参考:
https://mariadb.com/kb/en/mariadb/documentation/storage-engines/connect/connect-table-types/connect-table-types-odbc-table-type-accessing-tables-from-other-dbms/
Note: On Linux, unixODBC must be installed.
These tables are given the type ODBC. For example, if a "Customers" table is contained in an Access™ database you can define it with a command such as:
create table Customer ( CustomerID varchar(5), CompanyName varchar(40), ContactName varchar(30), ContactTitle varchar(30), Address varchar(60), City varchar(15), Region varchar(15), PostalCode varchar(10), Country varchar(15), Phone varchar(24), Fax varchar(24)) engine=connect table_type=ODBC block_size=10 tabname='Customers' Connection='DSN=MS Access Database;DBQ=C:/Program Files/Microsoft Office/Office/1033/FPNWIND.MDB;';
Tabname option defaults to the table name. It is required if the source table name is different from the name of the CONNECT table.

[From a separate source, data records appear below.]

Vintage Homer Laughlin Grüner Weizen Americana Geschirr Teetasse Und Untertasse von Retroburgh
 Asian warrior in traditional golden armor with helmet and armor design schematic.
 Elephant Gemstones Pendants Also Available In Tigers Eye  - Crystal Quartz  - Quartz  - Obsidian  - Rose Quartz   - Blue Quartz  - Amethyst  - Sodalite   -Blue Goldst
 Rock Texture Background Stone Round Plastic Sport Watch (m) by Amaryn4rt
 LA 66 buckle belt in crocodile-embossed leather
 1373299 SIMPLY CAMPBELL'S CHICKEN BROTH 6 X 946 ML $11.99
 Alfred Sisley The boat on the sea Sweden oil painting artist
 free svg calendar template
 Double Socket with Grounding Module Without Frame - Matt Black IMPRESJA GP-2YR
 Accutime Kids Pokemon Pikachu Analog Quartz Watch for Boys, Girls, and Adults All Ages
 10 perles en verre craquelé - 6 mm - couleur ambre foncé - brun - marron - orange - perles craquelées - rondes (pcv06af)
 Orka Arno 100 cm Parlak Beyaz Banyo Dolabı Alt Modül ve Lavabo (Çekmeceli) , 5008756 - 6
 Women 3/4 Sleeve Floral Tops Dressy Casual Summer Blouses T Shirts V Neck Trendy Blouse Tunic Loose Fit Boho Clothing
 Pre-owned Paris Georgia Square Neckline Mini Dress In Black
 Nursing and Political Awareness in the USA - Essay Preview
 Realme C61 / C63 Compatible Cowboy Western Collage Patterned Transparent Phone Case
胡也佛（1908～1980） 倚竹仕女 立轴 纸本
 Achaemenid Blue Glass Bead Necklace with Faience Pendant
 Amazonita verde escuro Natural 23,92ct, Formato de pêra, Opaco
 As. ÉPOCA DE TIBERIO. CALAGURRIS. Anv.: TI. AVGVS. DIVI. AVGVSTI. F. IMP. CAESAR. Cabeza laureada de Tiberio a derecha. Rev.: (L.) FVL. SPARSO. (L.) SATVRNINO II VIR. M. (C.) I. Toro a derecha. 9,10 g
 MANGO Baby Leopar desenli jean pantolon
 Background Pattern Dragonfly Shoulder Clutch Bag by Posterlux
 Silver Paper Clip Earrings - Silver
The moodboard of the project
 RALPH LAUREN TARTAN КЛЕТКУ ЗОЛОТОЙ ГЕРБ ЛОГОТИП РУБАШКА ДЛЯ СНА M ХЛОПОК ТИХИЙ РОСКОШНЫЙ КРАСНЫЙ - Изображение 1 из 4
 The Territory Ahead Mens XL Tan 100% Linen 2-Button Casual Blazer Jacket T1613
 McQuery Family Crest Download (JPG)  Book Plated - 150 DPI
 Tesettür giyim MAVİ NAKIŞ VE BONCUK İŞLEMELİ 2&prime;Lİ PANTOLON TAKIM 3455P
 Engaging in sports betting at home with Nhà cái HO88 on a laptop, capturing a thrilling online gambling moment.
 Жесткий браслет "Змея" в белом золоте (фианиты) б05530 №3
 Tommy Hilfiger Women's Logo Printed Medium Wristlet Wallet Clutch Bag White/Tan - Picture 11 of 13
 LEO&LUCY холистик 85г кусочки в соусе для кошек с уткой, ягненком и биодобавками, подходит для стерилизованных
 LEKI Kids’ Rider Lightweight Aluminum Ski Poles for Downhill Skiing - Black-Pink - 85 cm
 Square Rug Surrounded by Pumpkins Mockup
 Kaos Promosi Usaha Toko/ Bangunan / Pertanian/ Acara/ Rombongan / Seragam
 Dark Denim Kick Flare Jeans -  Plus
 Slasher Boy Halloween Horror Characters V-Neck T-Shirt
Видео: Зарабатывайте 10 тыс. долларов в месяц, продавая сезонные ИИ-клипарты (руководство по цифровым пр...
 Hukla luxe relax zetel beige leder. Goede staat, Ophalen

Often, because CONNECT can retrieve the table description using ODBC catalog functions, the column definitions can be unspecified. For instance this table can be simply created as:
create table Customer engine=connect table_type=ODBC block_size=10 tabname='Customers' Connection='DSN=MS Access Database;DBQ=C:/Program Files/Microsoft Office/Office/1033/FPNWIND.MDB;';
The BLOCK_SIZE
specification will be used later to set the RowsetSize when retrieving rows from the ODBC table. A reasonably large RowsetSize can greatly accelerate the fetching process.
If you specify the column description, the column names of your table must exist in the data source table. However, you are not obliged to define all the data source columns and you can change the order of the columns. Some type conversion can also be done if appropriate. For instance, to access the FireBird sample table EMPLOYEE, you could define your table as:
create table empodbc ( EMP_NO smallint(5) not null, FULL_NAME varchar(37) not null), PHONE_EXT varchar(4) not null, HIRE_DATE date, DEPT_NO smallint(3) not null, JOB_COUNTRY varchar(15), SALARY double(12,2) not null) engine=CONNECT table_type=ODBC tabname='EMPLOYEE' connection='DSN=firebird';
This definition ignores the FIRST_NAME, LAST_NAME, JOB_CODE, and JOB_GRADE columns. It places the FULL_NAME last column of the original table in second position. The type of the HIRE_DATE column was changed from timestamp to date and the type of the DEPT_NO column was changed from char to integer.
Currently, some restrictions apply to ODBC tables:
Extracting data from an external database can of course be used to construct another table of any file format from a data source. For instance to construct a fixed formatted DOS table containing the CUSTOMER table data, create the table as
create table Custfix engine=connect File_name='customer.txt' table_type=fix block_size=20 as select * from customer;
Now you can use custfix for fast database operations on the copied customer table data.
ODBC can also be used to create tables based on tabular data belonging to an Excel spread sheet:
create table XLCONT engine=CONNECT table_type=ODBC tabname='CONTACT' Connection='DSN=Excel Files;DBQ=D:/Ber/Doc/Contact_BP.xls;';
This supposes that a tabular zone of the sheet including column headers is defined as a table named CONTACT. Refer to the Excel documentation for how to specify tables inside sheets. Once done, you can ask:
select * from xlcont;
This will extract the data from Excel and display:
Nom | Fonction | Societe |
---|---|---|
Boisseau Frederic | 9 Telecom | |
Martelliere Nicolas | Vidal SA (Groupe UBM) | |
Remy Agathe | Price Minister | |
Du Halgouet Tanguy | Danone | |
Vandamme Anna | GDF | |
Thomas Willy | Europ Assistance France | |
Thomas Dominique | Acoss (DG des URSSAF) | |
Thomas Berengere | Responsable SI Decisionnel | DEXIA Credit Local |
Husy Frederic | Responsable Decisionnel | Neuf Cegetel |
Lemonnier Nathalie | Directeur Marketing Client | Louis Vuitton |
Louis Loic | Reporting International Decisionnel | Accor |
Menseau Eric | Orange France |
Here again, the columns description was left to CONNECT when creating the table.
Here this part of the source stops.